Task to complete: Lines from the one containing "Маникюр,педикюр,подолгия" through the end of the material are to be retyped exactly; do not copy pictures.
____ Given material
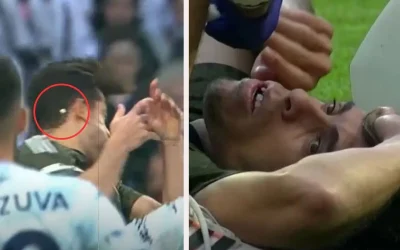 Beşiktaş’ta art arda şanssızlıklar! 2 sakatlık ve bir diş kırığı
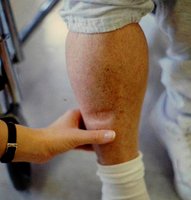 Photo of pitting edema in the leg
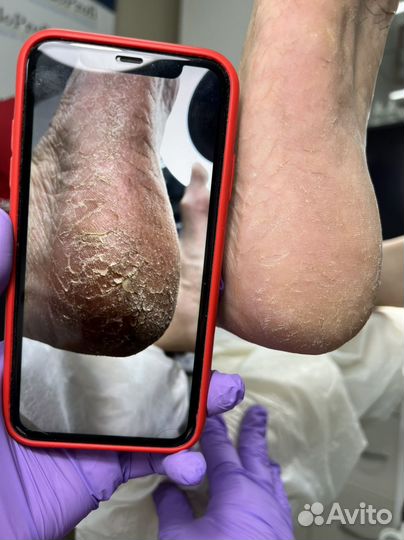 Маникюр,педикюр,подолгия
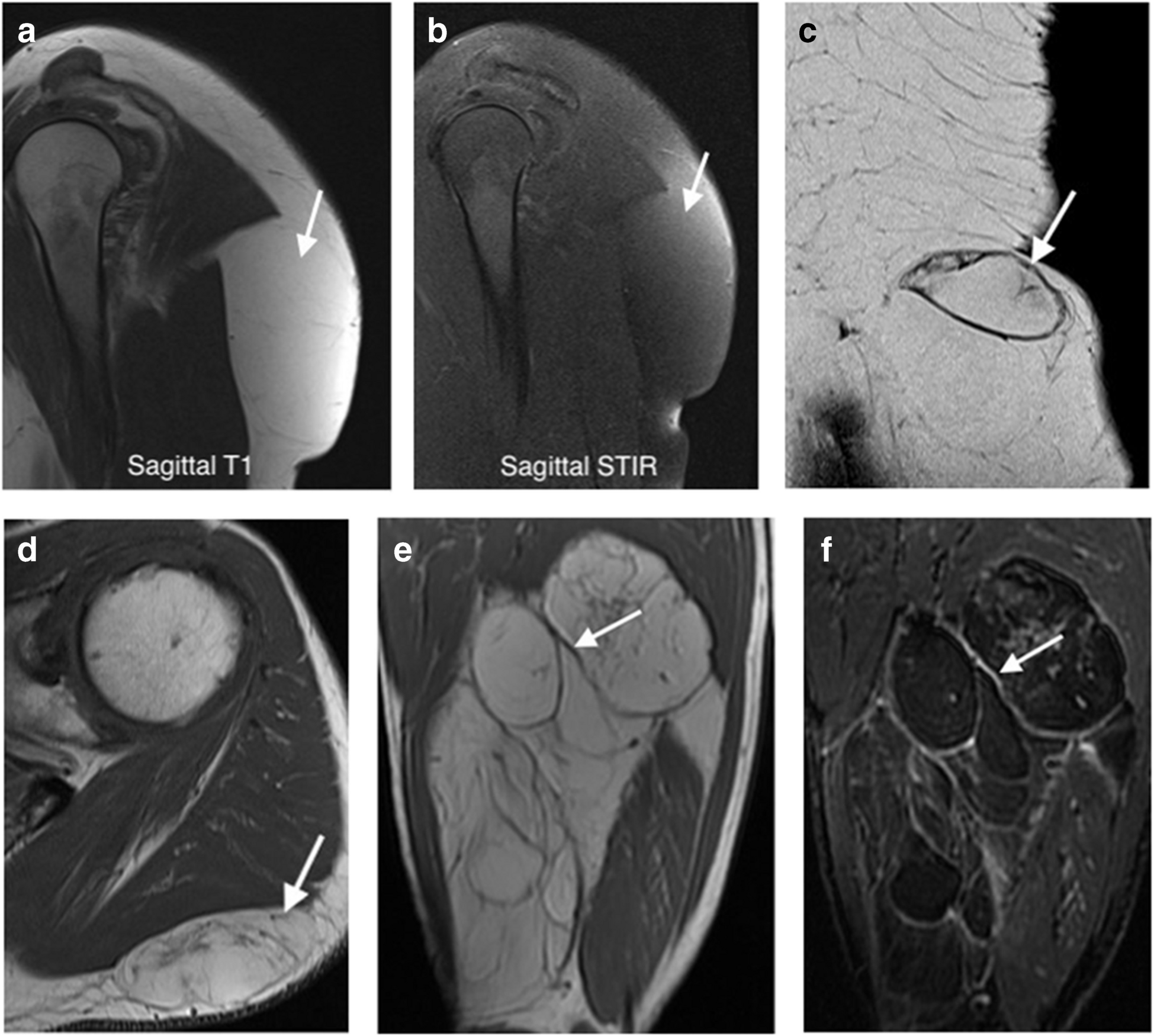 The role of molecular pathology in soft tissue tumor diagnosis: what the radiologist needs to know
________
Output:
 Маникюр,педикюр,подолгия
 The role of molecular pathology in soft tissue tumor diagnosis: what the radiologist needs to know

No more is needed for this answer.